I love being on the road. What I love most about it is that #vanlife means I am not keeping a schedule; I have the capacity for spontaneity, and it’s this spontaneity that turns serendipitous encounters into open-ended adventures. Case in point: a Facebook message from Paul Gagner on a random Thursday in April, inviting me to come climbing (and by that I really mean hump loads and shoot the breeze) with him and his climbing partner Jeremy in the Mystery Towers the following weekend. Here’s the fun part: I don’t know Paul. Well, I do, I ran into him once while soloing the Flatirons in Boulder, and I’ve seen him pop up on my Facebook timeline a few times since. But I really have no idea who he is other than that he likes to put up ridiculously hard, bold aid lines. So of course when he suggests that I come hang out in the Mystery Towers while he and Jeremy scope a new route, I don’t think twice. The instructions are simple: “Bring beer and a big pack.”
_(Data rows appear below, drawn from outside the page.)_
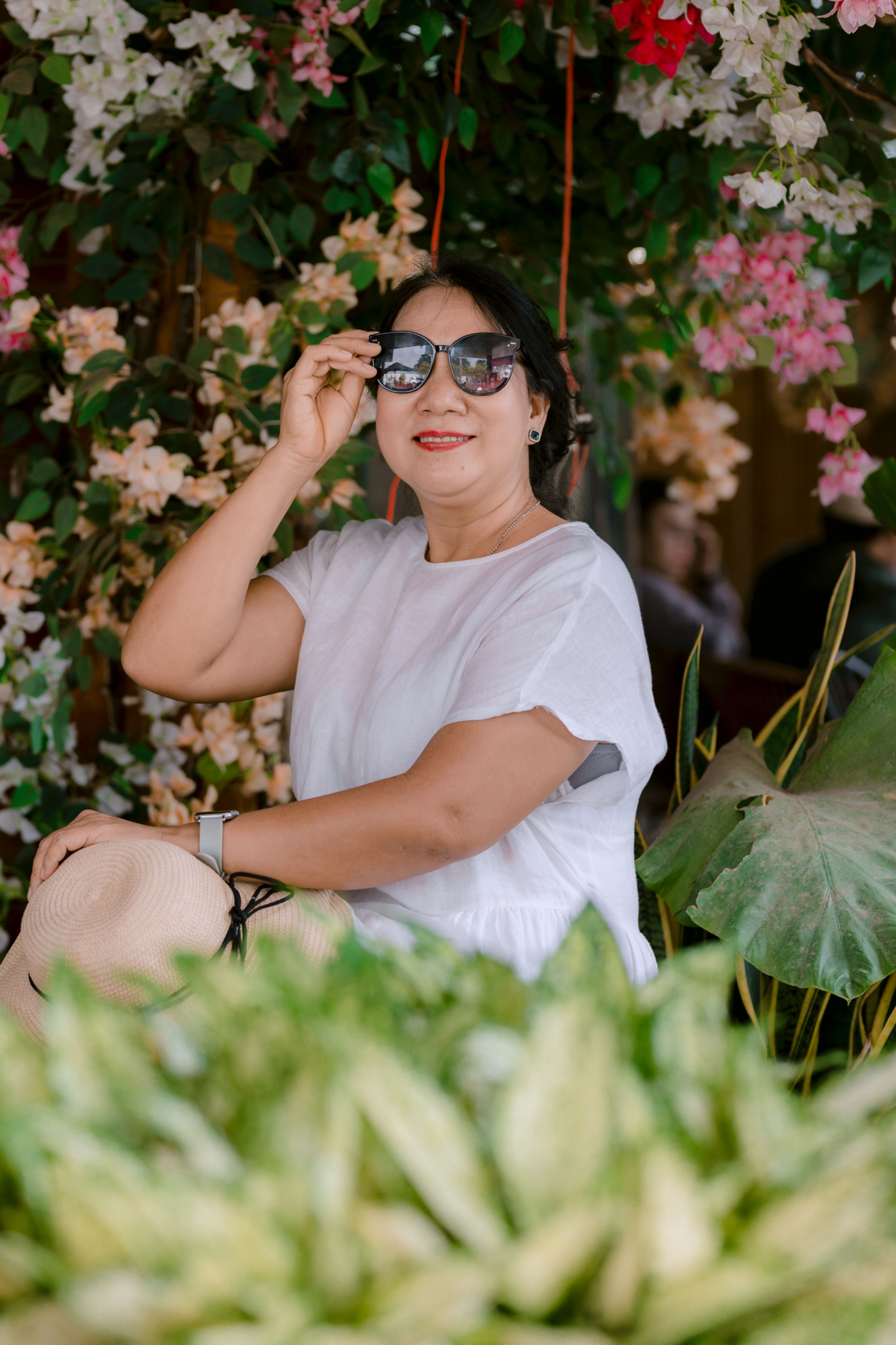 Elegant woman in sunglasses poses amid vibrant flowers, exuding style and confidence.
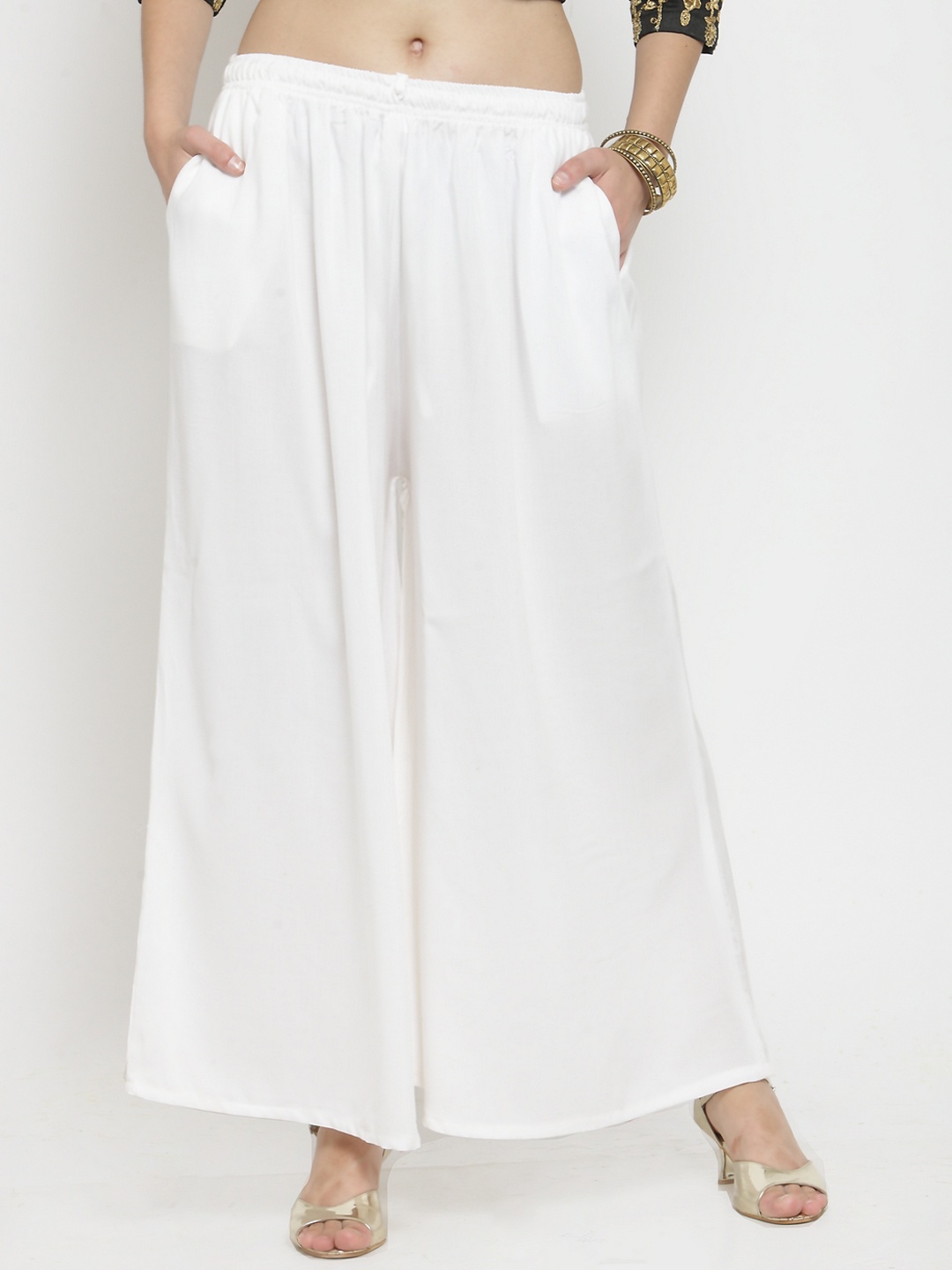 

Clora Creation Women Off-White Solid Flared Palazzos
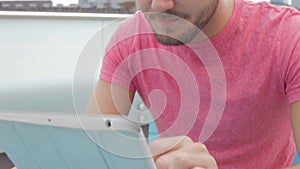 Man Sitting On Roof Terrace Using Digital Tablet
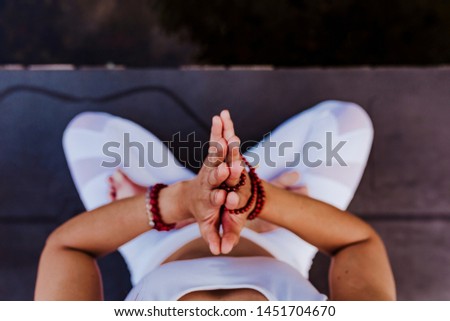 close up view of unrecognizable young asian woman doing yoga in a park. Sitting on the bridge with praying hands position and using Mala necklace. Yoga and healthy lifestyle concept. Top view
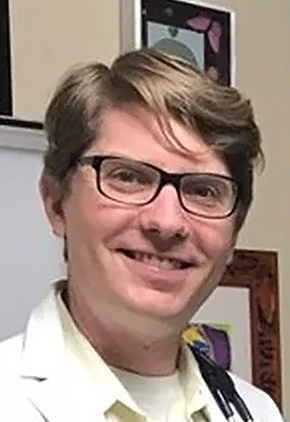 Dr. Tony Kahn smiles for a photo in front of framed photos. He is wearing a white collared shirt and his whitecoat.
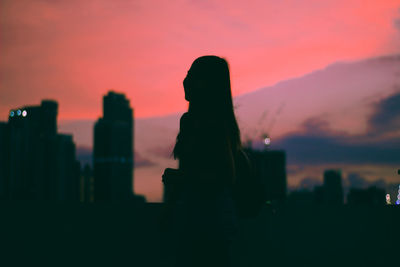 Rear view of silhouette woman against sky during sunset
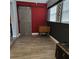 Room features wood floors, a barn door, red wall, and a black and white window design at 2233 Greenhaven Dr # 363, Sun City Center, FL 33573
In the days leading up to the outing I read up on the Mystery Towers a bit more. The laconic final paragraph of the area’s Mountain Project description maybe should have warned me: Expect mud or dry mud, advanced and innovative aid, including but not limited to: bat hooks, ring angle claws, beaks and peckers, fishhooks, bugaboos, warthogs, ice axe tosses, dwarf tosses, and general lassoing skills. Enjoy! I chuckle as I read through the beta and think to myself those timeless, famous last words: “How bad can it be…”
A few days later I am sitting on one of Eddie the Van's rails at the Fisher Towers Parking lot, a PBR cracked open, monitoring the approaching cloud of dust that marks Paul’s arrival. The campground is full, the weather forecast looks dismal, Jeremy won’t be showing up for at least another 24 hours, and Paul announces that the objective he wants to go after is a formation called Gothic Nightmare; he thinks that there’s new route potential there. For reference, the Mountain Project description of Gothic Nightmare reads …from the south it looks like a long haired hippie who stuck their finger in a light socket and from the west it looks like a bad, bad tower.
Turns out that not only the climbing is dicey; the approach is a bit on the tricky side as well, particularly if you decide to ignore the obvious trail and instead scramble up the decomposing, steep and exposed flanks of the wash that leads into the Mysteries; or if you stubbornly complete a - beer - supply run through flash flood territory in the middle of a rather substantial downpour (thankfully both beer and porter completed the journey mostly unharmed).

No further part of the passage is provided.